Oil and Spectrum Rights Models Offer a Clue

Thomas W. Hazlett’s “How Politics Stalls Wireless Innovation” (op-ed, Oct. 2) outlines the irrationality of the current political mismanagement of the electromagnetic spectrum and the challenges that a dynamic economy faces when the underlying resource is politically controlled.

As the late Warren Nutter put it: “Markets without property rights are a grand illusion.” The spectrum rights issue might better be understood by a thought experiment: Consider how efficiency and growth were promoted by the evolution of subsurface mineral property rights. Surface owners were able to divest surface from subsurface rights, allowing them both to farm the land and gain value from the extracted oil. Moreover, the oil developer could seek to acquire most of the subsurface oil pool by multiple purchases. The resulting “unit” reduced leakage, created stronger boundaries for the extracting firm and encouraged more investment in geology and exploration. Unitization made it possible to develop large oil fields and a secondary and tertiary recovery system. Property rights harness the discovery process—encouraging efficiency.
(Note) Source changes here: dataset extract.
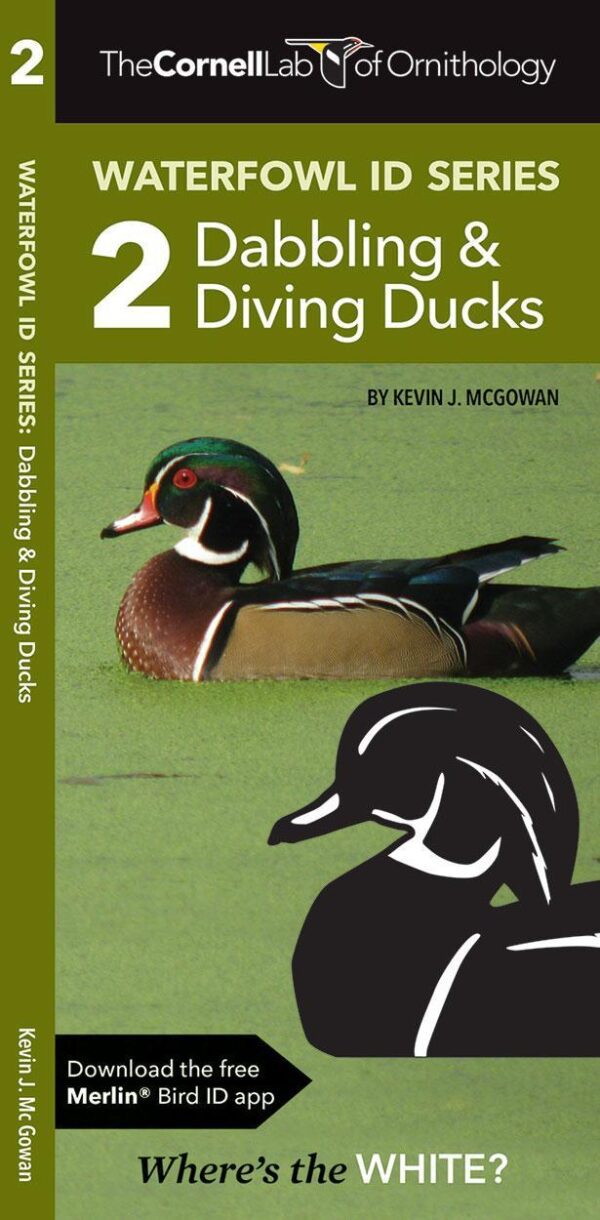 Waterfowl ID Series: 2 Dabbling & Diving Ducks (A Folding Pocket Guide)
Perhaps most relevant, however, is the ease with which subsurface mineral rights could be reconfigured. Early oil rights focused on acquiring rights to oil pools—the “lakes” of this resource beneath the ground. When innovators made possible the joint fracking and horizontal drilling breakthroughs, horizontal ownership rules became the focus and ownership shifted from “lakes” of oil to “strata” of oil containing rock.

The oil industry was fortunate. Nothing that was a common property resource in 1900 has moved into private ownership. Columns and work such as Thomas Hazlett’s one might hope would reignite interest in restoring the property right prerequisites for market.